Description of the task
Nothing but the lines from the one with "ナイジェル カーボン ポンポン" down to the one with "Red Shorts Poop - video 2" should be returned, exactly and with both ends included, from the material below.

Data to examine
- - -
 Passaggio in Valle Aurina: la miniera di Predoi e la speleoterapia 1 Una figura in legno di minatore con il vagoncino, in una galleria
- - -
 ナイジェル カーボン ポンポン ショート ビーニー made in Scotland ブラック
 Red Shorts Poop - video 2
- - -
Solution for this exercise
 ナイジェル カーボン ポンポン ショート ビーニー made in Scotland ブラック
 Red Shorts Poop - video 2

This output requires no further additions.